[dev] Fix kronolith-agenda script

Thu Mar 29 14:14:23 UTC 2012

Zitat von Gonçalo Queirós <goncalo.queiros at portugalmail.net>:

> On 03/21/2012 11:40 AM, Gonçalo Queirós wrote:
>> Citando Jan Schneider <jan at horde.org>:
>>> Zitat von Gonçalo Queirós <goncalo.queiros at portugalmail.net>:
>>>> Hi there dev.
>>>>
>>>>   We were trying to use the kronolith-agenda script to send daily  
>>>> agendas to
>>>>   everyone on our service, but the problem is that we currently have more
>>>>   than 350.000 shares and the script just runs out of memory,  
>>>> even with 2Gb!
>>>>
>>>>   Looking at the script more closely, we think there's a way to make the
>>>>   script work, regardless of the number of shares on the system,  
>>>> but we would
>>>>   like your opinion on that before coming out with a patch.
>>>>
>>>>   Current script:
>>>>   1 - Get every calendar share
>>>>   2 - For every share, list its events, to check if it has any  
>>>> event to the
>>>>   current day
>>>  This is not correct, there is no such step
>> Sorry, was debugging on my own code ;-)
>>>
>>>> 3 - For the remaining list get all users that have access to the calendars
>>>>   4 - For every user, check if he desires to receive the daily  
>>>> agenda (pref)
>>>>   5 - For every user that wants to receive the daily agenda, get his
>>>>   calendars
>>>>   6 - Again for every calendar get the ones that have any event to the
>>>>   current day
>>>>   7 - Send the email if there's any calendar left
>>>>
>>>>   For our installation the current script stops on the first step, because
>>>>   it runs out of memory.
>>>>   We thought on creating sub-sets for the shares, but the problem  
>>>> is that we
>>>>   only know the full agenda of a user after we analyze all shares he has
>>>>   access to.
>>>>
>>>>   What we propose:
>>>>   1 - Get every users that desire to receive the daily agenda (pref)
>>>  That's exactly what steps 1, 3, and 4 do.
>> I know, the difference is that instead of asking for all the shares, we
>> could ask directly for all the users that wan't to receive an agenda, so
>> we could eventually narrow the search.
>> Also, knowing the user instead of the calendars allows us to immediately
>> send the user his agenda, which will free the memory when the loop for
>> that user ends.
>>>> 2 - execute the steps 5,6,7 of the original script
>>>>
>>>>   In the worst case scenario this script will still perform  
>>>> better than the
>>>>   current one, because it doesn't have the first 3 steps.
>>>>   With this approach we can create sub-sets of users which will allow the
>>>>   script to run until the end without running out of memory (even  
>>>> if this is
>>>>   a long process, it will execute)
>>>>
>>>>   Problems:
>>>>   We don't think there's currently a method to retrieve all prefs from the
>>>>   backed by its name.

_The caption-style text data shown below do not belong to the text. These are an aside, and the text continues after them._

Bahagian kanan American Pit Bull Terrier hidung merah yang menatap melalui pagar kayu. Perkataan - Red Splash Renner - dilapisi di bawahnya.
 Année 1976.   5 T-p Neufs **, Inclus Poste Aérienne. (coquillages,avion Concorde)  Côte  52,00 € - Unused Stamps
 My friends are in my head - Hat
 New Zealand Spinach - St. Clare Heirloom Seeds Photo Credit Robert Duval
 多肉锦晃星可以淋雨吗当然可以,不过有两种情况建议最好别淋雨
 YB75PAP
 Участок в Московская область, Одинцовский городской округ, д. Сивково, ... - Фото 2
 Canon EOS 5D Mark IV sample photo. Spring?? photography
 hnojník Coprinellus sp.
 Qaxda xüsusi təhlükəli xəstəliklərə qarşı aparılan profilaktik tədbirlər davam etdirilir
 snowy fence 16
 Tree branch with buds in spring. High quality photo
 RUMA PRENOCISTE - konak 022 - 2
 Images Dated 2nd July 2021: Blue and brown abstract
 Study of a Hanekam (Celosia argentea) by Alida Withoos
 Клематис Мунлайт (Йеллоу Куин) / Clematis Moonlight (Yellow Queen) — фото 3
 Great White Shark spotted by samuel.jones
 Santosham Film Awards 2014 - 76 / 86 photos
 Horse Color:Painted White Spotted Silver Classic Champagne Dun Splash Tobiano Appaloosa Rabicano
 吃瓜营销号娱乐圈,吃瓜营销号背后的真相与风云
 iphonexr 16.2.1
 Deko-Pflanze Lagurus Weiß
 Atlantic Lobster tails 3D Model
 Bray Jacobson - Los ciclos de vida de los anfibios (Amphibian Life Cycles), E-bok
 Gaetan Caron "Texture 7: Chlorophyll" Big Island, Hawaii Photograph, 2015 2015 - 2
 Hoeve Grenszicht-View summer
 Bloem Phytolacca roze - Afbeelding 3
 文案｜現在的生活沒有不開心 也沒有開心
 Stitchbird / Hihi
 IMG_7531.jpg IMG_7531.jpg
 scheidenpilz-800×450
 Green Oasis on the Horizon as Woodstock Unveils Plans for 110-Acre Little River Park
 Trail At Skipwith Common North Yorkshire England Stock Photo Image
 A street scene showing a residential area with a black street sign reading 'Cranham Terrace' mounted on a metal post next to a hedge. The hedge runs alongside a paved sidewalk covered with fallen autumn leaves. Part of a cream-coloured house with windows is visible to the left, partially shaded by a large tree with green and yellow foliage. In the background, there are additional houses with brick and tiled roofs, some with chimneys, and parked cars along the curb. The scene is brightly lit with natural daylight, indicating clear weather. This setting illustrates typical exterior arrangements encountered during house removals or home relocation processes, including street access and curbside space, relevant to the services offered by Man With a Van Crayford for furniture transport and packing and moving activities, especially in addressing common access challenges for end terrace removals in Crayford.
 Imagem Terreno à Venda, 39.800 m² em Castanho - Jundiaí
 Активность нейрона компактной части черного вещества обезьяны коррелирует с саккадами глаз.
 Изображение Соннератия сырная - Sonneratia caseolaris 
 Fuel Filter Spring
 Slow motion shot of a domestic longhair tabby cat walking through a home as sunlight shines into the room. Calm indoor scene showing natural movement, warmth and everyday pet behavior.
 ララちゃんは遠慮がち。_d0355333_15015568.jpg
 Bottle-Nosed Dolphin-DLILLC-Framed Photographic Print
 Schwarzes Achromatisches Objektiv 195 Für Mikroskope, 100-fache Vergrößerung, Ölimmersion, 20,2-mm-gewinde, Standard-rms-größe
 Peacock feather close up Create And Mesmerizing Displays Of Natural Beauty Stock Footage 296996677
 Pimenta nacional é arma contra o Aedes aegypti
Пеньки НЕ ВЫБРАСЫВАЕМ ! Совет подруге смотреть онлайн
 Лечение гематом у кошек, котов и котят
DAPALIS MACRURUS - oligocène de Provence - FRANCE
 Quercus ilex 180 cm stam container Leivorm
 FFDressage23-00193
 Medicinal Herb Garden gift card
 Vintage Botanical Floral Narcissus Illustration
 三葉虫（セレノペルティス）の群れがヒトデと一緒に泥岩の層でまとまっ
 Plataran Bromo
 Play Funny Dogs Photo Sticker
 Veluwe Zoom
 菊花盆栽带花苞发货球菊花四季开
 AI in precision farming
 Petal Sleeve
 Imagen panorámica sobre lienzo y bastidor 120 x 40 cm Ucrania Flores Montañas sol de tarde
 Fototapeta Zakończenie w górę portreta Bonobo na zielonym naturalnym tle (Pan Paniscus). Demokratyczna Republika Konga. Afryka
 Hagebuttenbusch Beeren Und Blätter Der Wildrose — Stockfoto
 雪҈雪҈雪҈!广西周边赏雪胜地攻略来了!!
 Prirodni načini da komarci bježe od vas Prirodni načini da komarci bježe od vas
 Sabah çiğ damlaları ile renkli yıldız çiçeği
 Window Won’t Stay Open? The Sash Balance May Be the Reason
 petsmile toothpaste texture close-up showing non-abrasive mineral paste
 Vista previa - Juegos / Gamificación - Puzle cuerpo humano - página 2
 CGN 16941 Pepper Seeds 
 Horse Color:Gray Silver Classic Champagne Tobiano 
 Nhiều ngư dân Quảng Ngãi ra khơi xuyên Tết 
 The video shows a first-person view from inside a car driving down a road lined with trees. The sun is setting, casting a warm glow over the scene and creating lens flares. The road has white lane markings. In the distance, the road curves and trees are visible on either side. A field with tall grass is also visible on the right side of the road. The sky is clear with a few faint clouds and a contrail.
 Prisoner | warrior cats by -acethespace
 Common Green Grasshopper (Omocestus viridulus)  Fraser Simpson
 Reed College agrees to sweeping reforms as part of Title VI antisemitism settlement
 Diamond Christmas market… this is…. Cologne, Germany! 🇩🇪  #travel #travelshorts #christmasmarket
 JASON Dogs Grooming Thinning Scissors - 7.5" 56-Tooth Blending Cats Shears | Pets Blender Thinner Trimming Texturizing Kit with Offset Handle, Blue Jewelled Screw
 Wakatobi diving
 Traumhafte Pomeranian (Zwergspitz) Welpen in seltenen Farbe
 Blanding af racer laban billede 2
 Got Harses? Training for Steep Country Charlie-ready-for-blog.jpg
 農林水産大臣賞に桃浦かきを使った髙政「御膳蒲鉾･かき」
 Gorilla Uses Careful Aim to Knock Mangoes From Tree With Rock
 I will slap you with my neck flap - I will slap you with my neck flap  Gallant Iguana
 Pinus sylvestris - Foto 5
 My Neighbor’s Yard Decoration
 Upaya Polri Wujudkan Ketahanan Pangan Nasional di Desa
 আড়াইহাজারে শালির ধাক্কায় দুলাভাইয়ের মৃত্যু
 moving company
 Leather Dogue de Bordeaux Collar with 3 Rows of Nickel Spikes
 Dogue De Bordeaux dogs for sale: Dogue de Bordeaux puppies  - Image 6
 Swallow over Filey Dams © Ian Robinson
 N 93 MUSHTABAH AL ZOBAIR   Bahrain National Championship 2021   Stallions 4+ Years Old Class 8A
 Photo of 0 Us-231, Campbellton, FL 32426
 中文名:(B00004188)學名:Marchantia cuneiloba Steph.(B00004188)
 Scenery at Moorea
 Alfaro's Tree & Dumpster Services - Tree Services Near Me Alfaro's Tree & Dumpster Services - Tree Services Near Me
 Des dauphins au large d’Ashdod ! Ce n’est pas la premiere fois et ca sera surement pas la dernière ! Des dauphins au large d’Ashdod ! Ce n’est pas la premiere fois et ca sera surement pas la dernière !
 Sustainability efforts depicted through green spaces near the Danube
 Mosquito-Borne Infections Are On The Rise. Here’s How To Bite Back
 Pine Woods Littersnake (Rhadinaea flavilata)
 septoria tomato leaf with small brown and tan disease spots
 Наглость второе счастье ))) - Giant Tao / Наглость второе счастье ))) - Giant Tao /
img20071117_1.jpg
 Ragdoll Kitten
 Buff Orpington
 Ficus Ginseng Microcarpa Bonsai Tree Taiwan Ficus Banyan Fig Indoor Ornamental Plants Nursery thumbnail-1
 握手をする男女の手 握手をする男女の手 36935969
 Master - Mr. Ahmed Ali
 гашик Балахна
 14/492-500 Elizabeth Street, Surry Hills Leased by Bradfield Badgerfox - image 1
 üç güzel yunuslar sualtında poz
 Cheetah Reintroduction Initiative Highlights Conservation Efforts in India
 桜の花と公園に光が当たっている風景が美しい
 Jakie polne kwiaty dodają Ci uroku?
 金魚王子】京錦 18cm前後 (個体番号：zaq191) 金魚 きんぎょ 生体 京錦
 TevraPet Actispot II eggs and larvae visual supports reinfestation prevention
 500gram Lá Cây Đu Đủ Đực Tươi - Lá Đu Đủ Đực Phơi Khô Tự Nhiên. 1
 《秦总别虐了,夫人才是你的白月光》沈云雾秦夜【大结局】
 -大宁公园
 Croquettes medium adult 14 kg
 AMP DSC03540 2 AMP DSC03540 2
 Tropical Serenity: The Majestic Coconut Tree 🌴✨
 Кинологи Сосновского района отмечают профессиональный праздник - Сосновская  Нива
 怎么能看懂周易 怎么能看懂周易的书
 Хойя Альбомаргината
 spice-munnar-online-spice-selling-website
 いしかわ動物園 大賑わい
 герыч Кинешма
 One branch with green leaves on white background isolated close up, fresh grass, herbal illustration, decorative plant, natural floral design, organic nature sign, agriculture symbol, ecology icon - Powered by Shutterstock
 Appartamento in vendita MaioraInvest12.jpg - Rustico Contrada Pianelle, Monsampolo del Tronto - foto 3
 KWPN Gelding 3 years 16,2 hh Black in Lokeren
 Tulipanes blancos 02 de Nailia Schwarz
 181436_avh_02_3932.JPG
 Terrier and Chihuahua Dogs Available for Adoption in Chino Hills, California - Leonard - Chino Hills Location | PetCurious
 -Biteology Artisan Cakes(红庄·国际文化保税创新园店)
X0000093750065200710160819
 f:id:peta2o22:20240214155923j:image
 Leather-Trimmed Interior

Maybe we need to create it, and state that  
>>>> this is for
>>>>   admin purposes only and shouldn't be called by the user-level code (just
>>>>   like the listAllShares method from Horde_Share_Sql).
>>>>   Currently the pref_name column is not indexed, so we expect  
>>>> slow queries.
>>>>   The fix for that is obvious.
>>>  The problem is that not all backends support listing preference  
>>> details for others than the current user. On the other hand, those  
>>> backends are already missing some features anyway, and we already  
>>> have a listScopes() method that is only implemented in a few  
>>> backends too. In the end this might be an option.
>>>  Actually, since the same script already requires the preference  
>>> backend to return any user's preference, this would be a safe  
>>> approach.
>>>
>>>  Another approach would be do take a further look at why  
>>> listAllShares() exceeds memory. Well, there is not much to look  
>>> actually when creating 350.000+ share objects and then attempting  
>>> to sort them. Alternatively we could implement an Iterator  
>>> interface in the share drivers and only receive the shares one by  
>>> one while looping them.
>>>
>>>  Jan.
>>>
>>>  --
>>>  The Horde Project
>>> http://www.horde.org/
>>>
>>>
>>>  --
>>>  Horde developers mailing list
>>>  Frequently Asked Questions: http://horde.org/faq/To unsubscribe,  
>>> mail: dev-unsubscribe at lists.horde.org
>> If you iterate the shares one by one i think you will end up with a
>> similar problem, because you can't send an agenda before you have all the
>> events from all the calendars that a user has access to. So you would
>> probably end up again with the 350.000+ shares on memory.
>>
>> Will try to produce a patch and submit for your appreciation.
>
> Jan, attached is a first preview patch, so you can see if things are  
> going in the desired direction.
> Returning a class that implements the ArrayAccess allows backward  
> compatibility, but unfortunately, any array_ like function  
> (array_merge, array_keys, etc) don't work, so a bit more of refactor  
> is needed.
>
> One thing that needs to be done is move the Horde_Share_List factory  
> to an injector (if I understand the injectors correctly), but for  
> now I instantiated the objects inside the Horde_Share_Sql directly.
>
> Another problem I found was that Horde_Shares can have callbacks for  
> listings, so for now I create the new Horde_Share_List object and if  
> the callback is active, that object is sent to the callback. This  
> might brake up for users that rely on array_ like functions, because  
> as stated above they wont work now.
>
> What do you devs think?

- You cannot implement ArrayAccess in the base class and Iterator in  
the sub-class only. Why do you implement ArrayAccess at all? If  
necessary, the Horde_Share_List consumers can use iterator_to_array().
- You cannot use PDO functionality in the SQL driver. You need to use  
the Horde_Db API. Horde_Db's select() already returns an Iterator that  
you can proxy in Horde_Share_List.
- You cannot use the injector or any other globals in library code.
- You only need share_id in the SQL driver's SELECT query.
- Using the iterator obviously scales better memory-wise, but did you  
test how it scales performance-wise. IIUC you are now reading each  
share individually from the backend which could be a performance  
degration.

Jan.

-- 
The Horde Project
http://www.horde.org/